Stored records
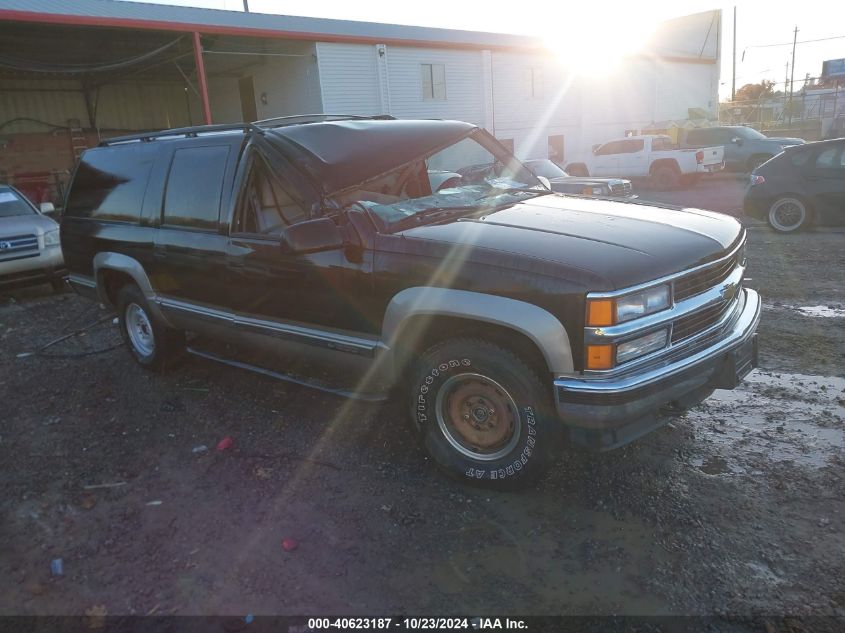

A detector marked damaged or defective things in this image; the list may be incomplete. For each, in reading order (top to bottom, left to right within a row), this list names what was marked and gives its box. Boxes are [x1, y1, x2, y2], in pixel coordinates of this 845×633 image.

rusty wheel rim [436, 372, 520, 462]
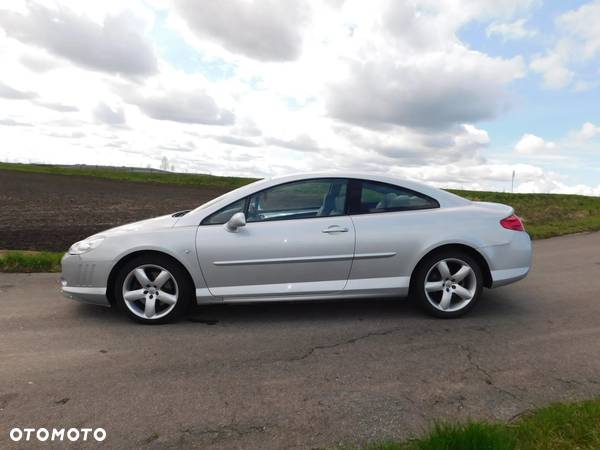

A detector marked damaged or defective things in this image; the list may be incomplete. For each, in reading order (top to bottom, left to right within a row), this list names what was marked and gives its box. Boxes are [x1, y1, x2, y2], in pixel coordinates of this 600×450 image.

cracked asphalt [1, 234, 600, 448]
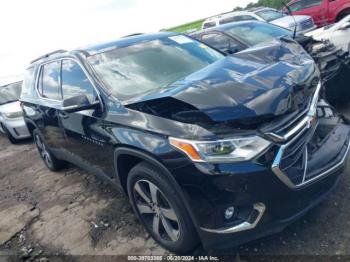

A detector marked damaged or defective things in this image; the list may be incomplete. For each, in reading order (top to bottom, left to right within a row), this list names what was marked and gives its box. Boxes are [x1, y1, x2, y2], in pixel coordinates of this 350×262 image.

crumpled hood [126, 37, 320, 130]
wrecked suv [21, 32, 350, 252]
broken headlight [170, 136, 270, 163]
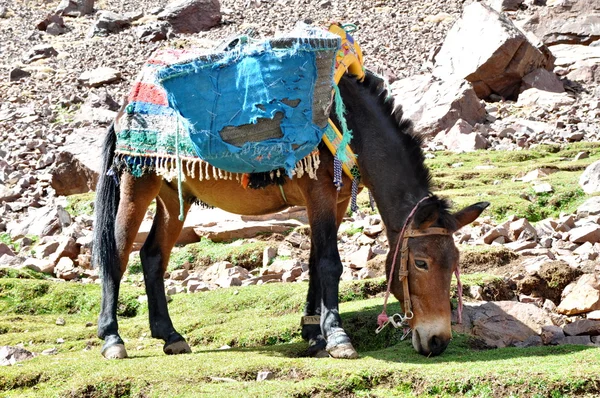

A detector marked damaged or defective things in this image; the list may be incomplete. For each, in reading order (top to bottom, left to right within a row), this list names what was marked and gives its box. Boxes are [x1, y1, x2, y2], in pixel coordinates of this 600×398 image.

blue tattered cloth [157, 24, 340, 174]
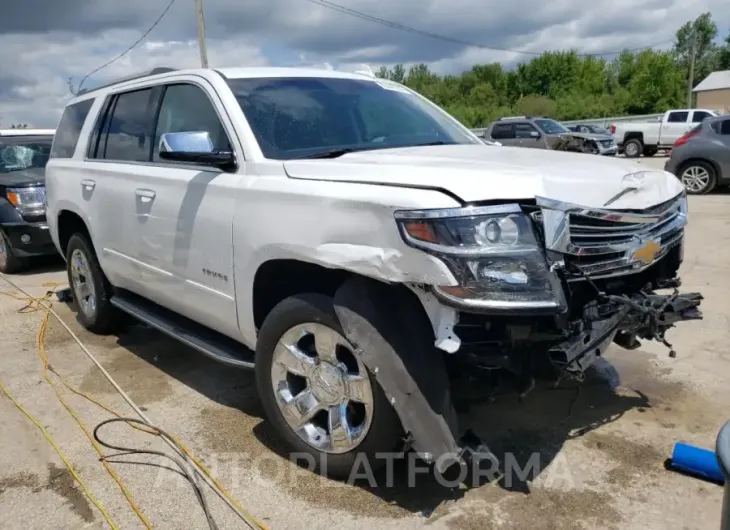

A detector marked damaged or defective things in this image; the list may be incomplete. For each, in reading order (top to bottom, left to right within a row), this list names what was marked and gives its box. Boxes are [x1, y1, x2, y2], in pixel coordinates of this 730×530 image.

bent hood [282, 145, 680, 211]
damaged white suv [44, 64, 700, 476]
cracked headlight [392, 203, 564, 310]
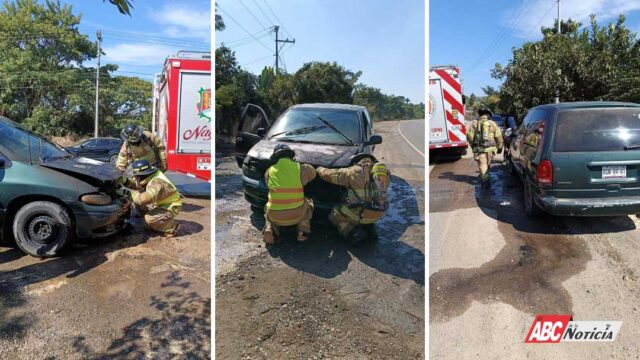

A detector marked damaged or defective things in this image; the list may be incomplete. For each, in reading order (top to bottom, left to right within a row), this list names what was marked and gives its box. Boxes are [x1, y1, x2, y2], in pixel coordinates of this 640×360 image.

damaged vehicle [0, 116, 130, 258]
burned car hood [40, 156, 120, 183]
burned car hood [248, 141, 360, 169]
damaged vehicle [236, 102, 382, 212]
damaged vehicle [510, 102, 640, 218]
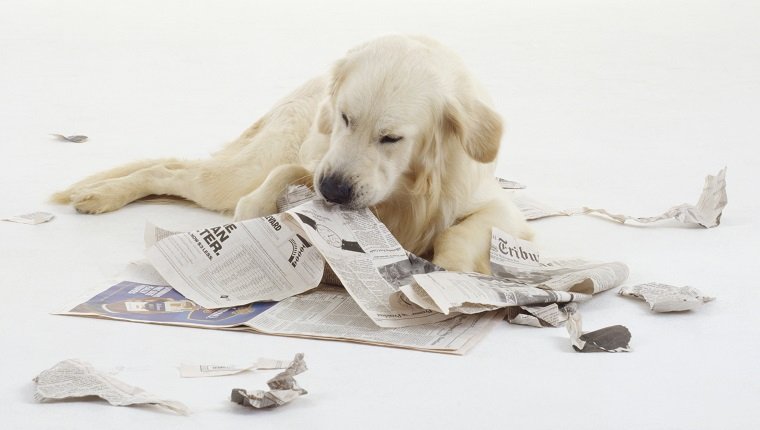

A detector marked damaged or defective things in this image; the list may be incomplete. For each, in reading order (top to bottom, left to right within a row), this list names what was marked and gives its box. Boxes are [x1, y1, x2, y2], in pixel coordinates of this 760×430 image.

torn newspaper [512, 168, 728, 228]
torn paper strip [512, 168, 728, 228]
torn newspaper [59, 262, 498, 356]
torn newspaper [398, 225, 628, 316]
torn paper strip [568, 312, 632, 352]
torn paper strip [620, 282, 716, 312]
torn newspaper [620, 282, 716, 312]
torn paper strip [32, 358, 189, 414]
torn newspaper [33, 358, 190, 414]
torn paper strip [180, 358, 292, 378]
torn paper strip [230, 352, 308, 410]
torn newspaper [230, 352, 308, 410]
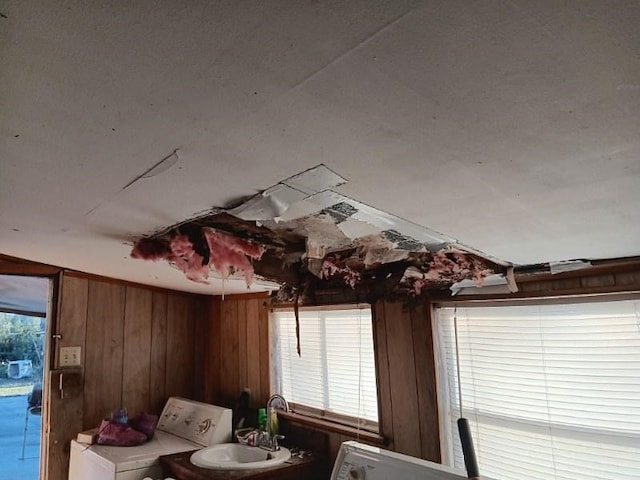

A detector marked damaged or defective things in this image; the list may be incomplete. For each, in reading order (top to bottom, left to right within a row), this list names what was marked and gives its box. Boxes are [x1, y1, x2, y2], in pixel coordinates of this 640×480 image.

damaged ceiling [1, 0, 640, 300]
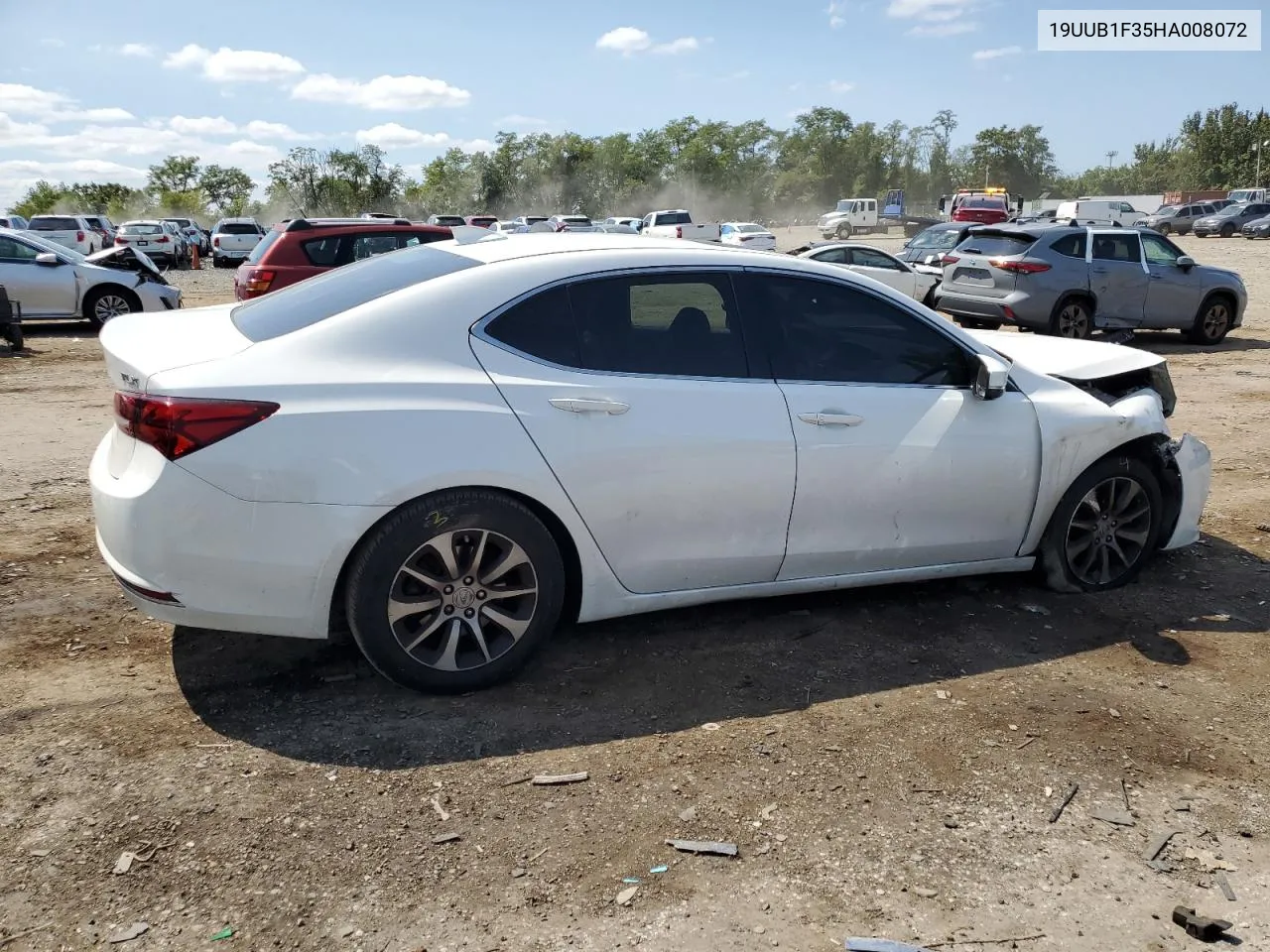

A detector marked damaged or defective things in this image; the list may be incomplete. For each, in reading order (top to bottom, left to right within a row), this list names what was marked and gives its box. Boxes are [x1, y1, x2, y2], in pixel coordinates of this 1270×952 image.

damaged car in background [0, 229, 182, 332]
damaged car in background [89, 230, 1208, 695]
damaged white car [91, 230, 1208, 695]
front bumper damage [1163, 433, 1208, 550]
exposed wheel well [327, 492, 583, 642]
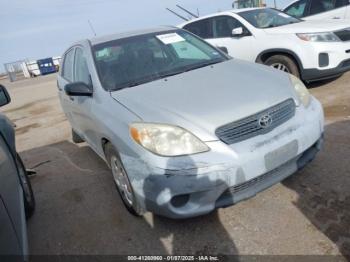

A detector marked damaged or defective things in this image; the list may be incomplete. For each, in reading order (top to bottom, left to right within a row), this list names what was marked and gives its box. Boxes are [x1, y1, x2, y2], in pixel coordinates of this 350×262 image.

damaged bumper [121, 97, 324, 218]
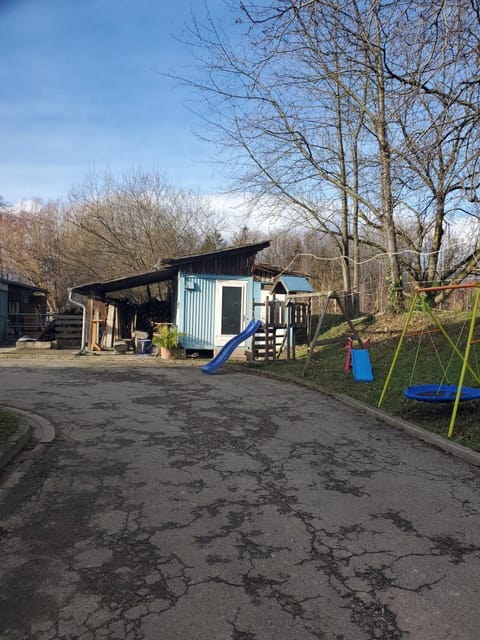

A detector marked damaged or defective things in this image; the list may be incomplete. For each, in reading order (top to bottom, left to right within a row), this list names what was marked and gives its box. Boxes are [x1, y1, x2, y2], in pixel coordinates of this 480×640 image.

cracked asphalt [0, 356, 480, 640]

#### Exercise goal
Your task is to restate every record word for word. Omit all pictures.

#### Completed task
A detector marked damaged or defective things in this image; the list may be incomplete. For each, in reading order (top to bottom, left to right within a row), this list names what was marked and gives its box. Boxes are [x1, y1, x2, y2], in pixel coordinates of this 845×633 image.

rusty wheel rim [436, 372, 520, 462]

A detector marked damaged or defective things in this image; the list may be incomplete. For each, in reading order (top to bottom, left to right within a row), this list names what was marked and gives its box. Boxes are [x1, y1, x2, y2], in pixel coordinates of this 600×450 image.

cracked asphalt [1, 234, 600, 448]

A detector marked damaged or defective things in this image; the list may be incomplete. For each, in reading order (top to bottom, left to right within a row), this list names what was marked and gives its box. Boxes are [x1, y1, x2, y2], in pixel coordinates of this 350×262 image.

crumpled hood [126, 37, 320, 130]
wrecked suv [21, 32, 350, 252]
broken headlight [170, 136, 270, 163]

A detector marked damaged or defective things in this image; the list may be incomplete. For each, in reading order (top to bottom, left to right within a row), this list names what was marked and gives its box. Boxes are [x1, y1, x2, y2], in pixel coordinates of this 600×398 image.

blue tattered cloth [157, 24, 340, 174]

A detector marked damaged or defective things in this image; the list may be incomplete. For each, in reading order (top to bottom, left to right within a row), this list names what was marked and gives its box. Boxes are [x1, y1, x2, y2], in pixel coordinates of this 730×530 image.

bent hood [282, 145, 680, 211]
damaged white suv [44, 64, 700, 476]
cracked headlight [392, 203, 564, 310]

A detector marked damaged or defective things in this image; the list may be incomplete. For each, in reading order (top to bottom, left to right within a row), this list names what was marked and gives its box. Boxes are [x1, y1, x2, y2], in pixel coordinates of this 640×360 image.

damaged vehicle [0, 116, 130, 258]
burned car hood [40, 156, 120, 183]
burned car hood [248, 141, 360, 169]
damaged vehicle [236, 102, 382, 212]
damaged vehicle [510, 102, 640, 218]

A detector marked damaged or defective things in this image; the list may be incomplete. For each, in reading order (top to bottom, left to right within a row), this list names what was marked and gives its box. Boxes are [x1, y1, x2, y2], in pixel coordinates of this 760×430 image.

torn newspaper [512, 168, 728, 228]
torn paper strip [512, 168, 728, 228]
torn newspaper [59, 262, 498, 356]
torn newspaper [398, 225, 628, 316]
torn paper strip [568, 312, 632, 352]
torn paper strip [620, 282, 716, 312]
torn newspaper [620, 282, 716, 312]
torn paper strip [32, 358, 189, 414]
torn newspaper [33, 358, 190, 414]
torn paper strip [180, 358, 292, 378]
torn paper strip [230, 352, 308, 410]
torn newspaper [230, 352, 308, 410]

A detector marked damaged or defective things in this image; the list may be incomplete. For each, in reading order (top to bottom, left to right within a row), this list names what was marked and gives its box. Boxes are [x1, y1, x2, y2], in pixel coordinates of this 640×480 image.

damaged ceiling [1, 0, 640, 300]

A detector marked damaged or defective things in this image; the list may be incomplete. For each, in reading order (top to bottom, left to right within a row), this list names what was marked and gives its box. Boxes are [x1, y1, x2, y2], in pixel coordinates of this 1270×952 image.

damaged car in background [0, 229, 182, 332]
damaged car in background [89, 230, 1208, 695]
damaged white car [91, 230, 1208, 695]
front bumper damage [1163, 433, 1208, 550]
exposed wheel well [327, 492, 583, 642]

A detector marked damaged or defective things in this image; the list may be incomplete. For each, in reading order (top to bottom, left to right within a row), this list names what was marked and gives its box. Boxes are [x1, y1, x2, y2], in pixel coordinates of this 350×262 image.

damaged bumper [121, 97, 324, 218]

A detector marked damaged or defective things in this image; the list may be incomplete. For each, in reading order (top to bottom, left to right within a row), this list names what was marked and gives its box. Boxes are [x1, y1, x2, y2], in pixel coordinates of this 480×640 image.

cracked asphalt [0, 356, 480, 640]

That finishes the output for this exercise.